### Data
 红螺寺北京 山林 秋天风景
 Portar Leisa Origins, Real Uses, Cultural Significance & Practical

...

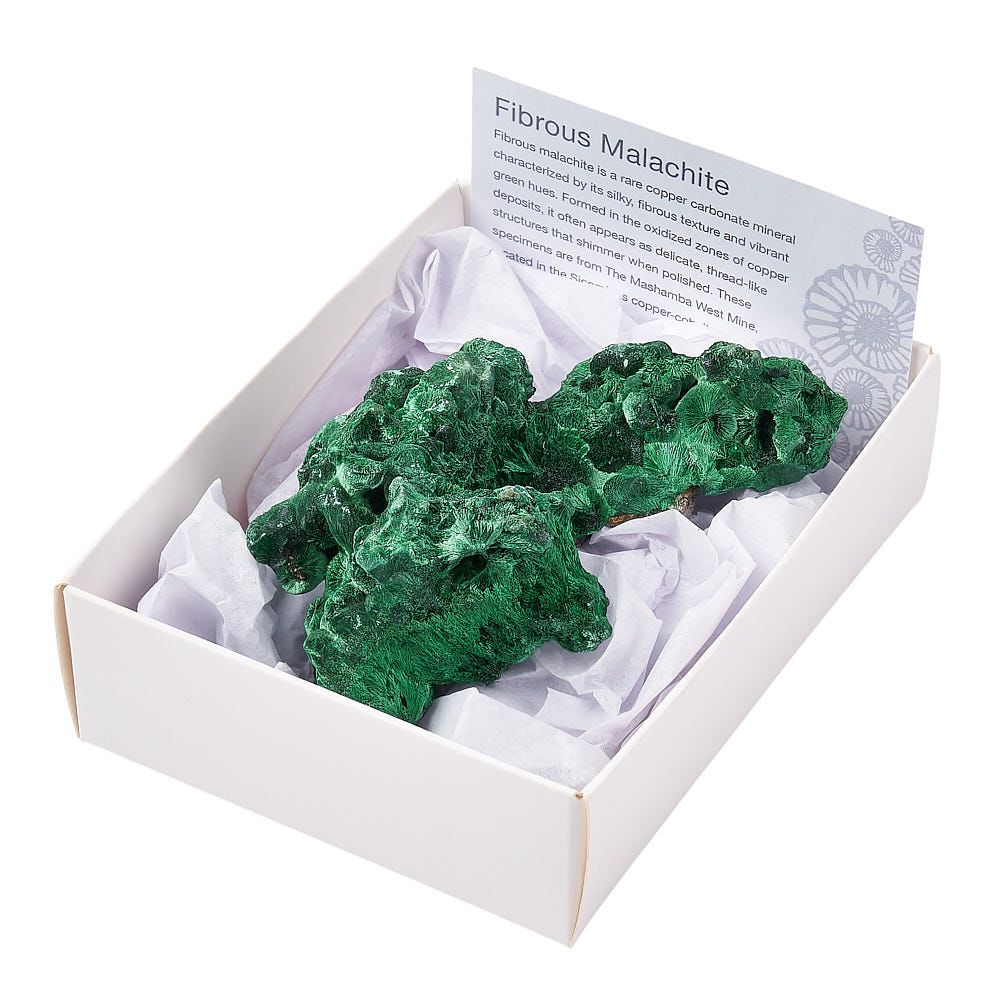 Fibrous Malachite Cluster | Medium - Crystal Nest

* * *

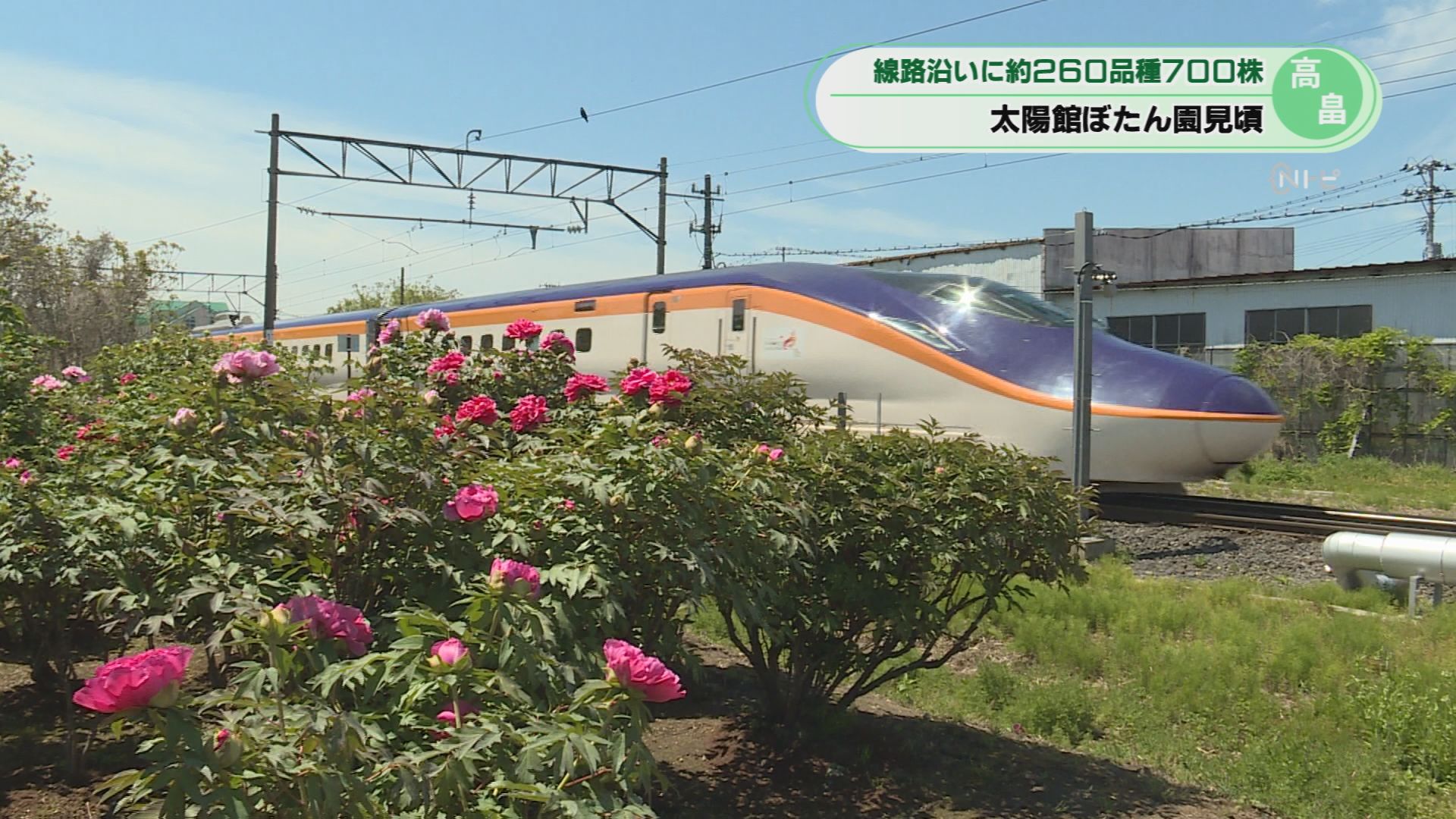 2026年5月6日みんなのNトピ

### Exercise prompt
Print, from the entries above, the line with "红螺寺北京 山林 秋天风景", the line with "Portar Leisa Origins, Real" and all lines between them, exactly and with nothing else.

### Result for this exercise
 红螺寺北京 山林 秋天风景
 Portar Leisa Origins, Real Uses, Cultural Significance & Practical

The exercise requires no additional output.